I thought about lesbianism often when faced with the dilemmas of identity raised in our therapy sessions. Maybe Hannah and I were so close because we are both women. We didn’t have those other sorts of boundaries between us—the lines that separate the genders. We are women raised to be supportive of the other person, interactive with the other, merged with the other, feeling for the other, losing oneself. We were women who cared intimately for each other. We were one, and yet not one. We had dreams of nurturance, dreams that we would each be each other’s “good mother.” It would be heavenly when we were together. It would be peaceful and comforting. It would be perfection.

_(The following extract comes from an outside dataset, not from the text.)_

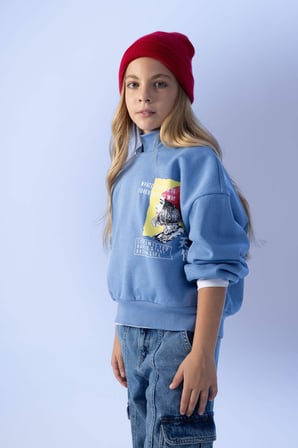 DeFacto Kız Çocuk Oversize Fit Kapüşonlu İçi Yumuşak Tüylü Sweatshirt A8415A823AUBE756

I sometimes thought back on the lesbian community study I had written so many years before, back when I first met Hannah. When I was working on that research, I had to think, in detail, about what made lesbians different. What made a lesbian community different? I interviewed a therapist who saw many members of that Midwestern lesbian group. She said that it was like a “mirror dance”—the women in their relationships were opposites of each other and yet the same. It was like a dance of sameness and difference. She had observed, as did I, that the women had idealistic expectations of each other—that here there would be the ideal of perfect nurturance, perfect care, perfect acceptance—and then they felt extreme disappointment when they did not experience perfection.

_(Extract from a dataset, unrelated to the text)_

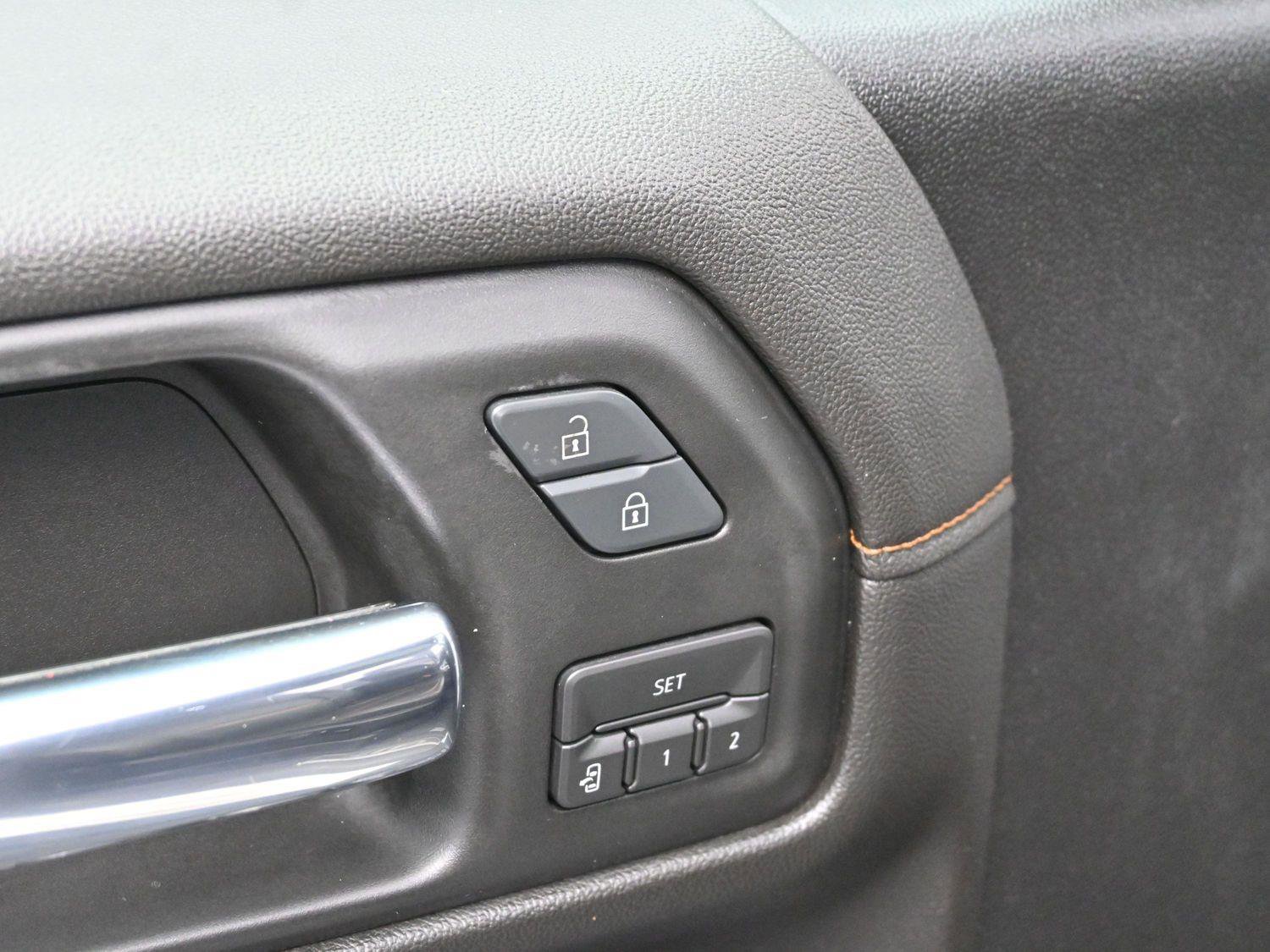 Used 2019 GMC Sierra 1500 AT4 w/ AT4 Premium Package image 10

I thought of some of those findings when I looked at Hannah and me. And I thought further: there was something about us that was so natural, that suggested more. Maybe it’s about the openness to each other, and about the small things, the “under the radarness” of our life together—the ways the small daily details mask so much depth of feeling, and the general invisibility of it all—the deceptiveness, the camouflage in the face of the outer world, the sense of “Now I see you. Now I don’t.”

It was partially a mystery to me still. How are we different? How are we similar? What difference does it make that we are lesbians—two women seeking intimacy with each other, two women going to a therapist to help us be a better couple, to help us get along, to help us to accept, to value, to cherish who we each are, to feel less lonely in the world, more understood, more seen, more touched, more protected, less uncertain about who we are, and more confident in our togetherness.

I put my hand on Hannah’s shoulder as we stepped toward the door after our session with Eva.

“I love you. We’ll be okay,” she said, reassuring me in the way I most needed.